So we made that salsa on Monday. Tuesday, volunteers served it at lunch. Some of them chose to miss part of recess to do so!
One of my students has been in the holiday spirit all week. Don't ask me why. Sixth graders are a strange breed.
At the morning message sign in on Wednesday, I asked everyone to describe how it felt to have the school eat our salsa. And I asked them to use more creative words than "good" or "happy".
I was impressed with their choices : proud, joyful, awesome, confident, caring.
In morning meeting I asked them to explain their choices. Here's a smattering of what they said.
"I was proud that the whole school ate and enjoyed it."
"I felt joyful because a lot of the older kids tried it.
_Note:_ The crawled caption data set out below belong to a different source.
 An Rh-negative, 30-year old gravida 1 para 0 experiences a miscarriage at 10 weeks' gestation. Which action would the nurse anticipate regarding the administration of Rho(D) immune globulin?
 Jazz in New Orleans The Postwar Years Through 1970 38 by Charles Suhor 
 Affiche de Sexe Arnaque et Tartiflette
I was joyful that they were willing to."
"I felt confident because I knew we made it and it was good."
"I was confident when we were making it. I knew we could do it."
A mystery student signed in that he felt sad about the salsa. I asked the group the reasons someone might be sad after this experience. Some predictions:
"Sad that some people didn't want to try it."
"I went for seconds and it was out already."
I shared that when we cook, we are creating a kind of art that doesn't last like a painting does. I wondered it is might feel sad when you're so proud of something and then it's gone.
Finally, the shy student spoke up. I hope our conversation had somehow made him feel that it was ok to express his feelings, even if they were very different from the rest of the group. He was sad because he wanted to like the recipe, but he didn't like the big clumps of onions and tomatoes. I love that he wanted to like what we'd made.
But in the end, it all comes down to taste. Everyone is not going to like every recipe every time.
No worries. As long as they are trying new (and healthy) foods and recipes, they are expanding their exposure to the world. I can't ask for more than that.